At the heart of our Covid-19 response and our overall strategy is a pledge that we will build on the strength and potential of our places, so that customers and communities can thrive. This includes delivering proactive services such as money matters, employment coaching, and crowdfunding or grants.
Collaborating with friends and allies
So how can we do this in a Covid-19 world? Firstly, we spoke with our friends and allies, including local authorities, community groups, MPs, councillors and other housing associations to discuss what our local communities could need from us.
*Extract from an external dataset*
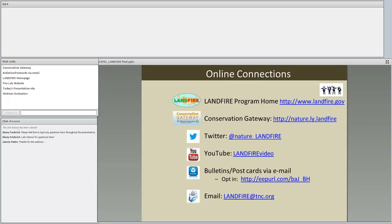Thank you so much for that excellent answer and wonderful presentation. Resources are available: Landfire has a Twitter account, YouTube channel with posted webinars, email bulletin or postcards, and can be reached directly at landfire@tnc.org. The Conservation Gateway and Landfire homepage are linked in the web links box. The Fire Lab website and today's presentation at the California Fire Science Consortium's web page will host links to the recording and PDF slides. Attendees who registered will receive a follow-up email. Thank you again, Donald, and thanks everyone for joining.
This included having a Zoom conference with 15 other housing associations, organised through HACT.
One of the great ideas to come out of this call was from Sam Scharf, my counterpart at Orbit Group, to start a weekly round-robin call to share our thinking and knowledge, and collaborate with more vigour and purpose than ever before.
A further example of collaboration is that we’ve been able to bring forward more work via our proactive Money Matters (financial inclusion) and digital areas by utilising Orbit’s procurement and current programmes, meaning the following can be up and running this month:
- A new web portal linked to MySovereign, our online customer portal
- An extended debt service to support existing Tenancy Support teams when they speak to customers over 70
- A new mental health line through BigWhiteWall.
Other measures we have put in place to date include:
- Bringing forward our Community Grants programme through The Good Exchange with £100k of investment
- Starting a crisis fund delivered through our Tenancy Support team
- Putting £50k into pay it forward crowdfunding platform to support local community businesses
- Making our employment service fully digital, undertaking 121 support, reducing travel and freeing up time
- Exploring global ABCD toolkits and sharing best practice with global contacts including Taramack Canada and Nurture Development
- Launching a fuel voucher offer, with thanks to friends at Clarion.
Virtual teams
Like many businesses when the national call came to work from home our teams saw full-scale migration from our business as usual. Many of our teams at Sovereign had worked from home before, but the shift to the new normal saw us all embrace a remote and agile new way of working.
That meant around 2,000 – including the contact centre – switched to working from home in a week – an amazing achievement and testament to our technology and our IT team.
As I write this from home we’re all having to adjust to this new normal, juggling work and childcare arrangements with my wife. But it’s opening opportunities and innovation too – I’ve just finished a Zoom conference with virtual mini break-out sessions with our over 70’s community development practitioners and community groups, bringing people together from across the world through #TogetherApart and Nurture Development.
This is important as, while we must focus on the here and now, we need to look to the future too – how we work and the services we provide over the medium to long-term. We must think and prepare for the recovery post-Covid-19 too.
For now, we’re seeing communities rekindling conversations, those ‘over the garden wall’ chats and, mostly, acts of kindness, be they big or small. That’s how we’ll navigate these uncertain times.
Nobody knows how long we – as individuals, employees of businesses and communities – will be affected. However, what we do know is that, as an organisation with communities at our heart, our focus will not change.
This impetus may well have sped up our delivery in some programmes, but it is clear that this is a marathon, not a sprint and we must keep moving forwards.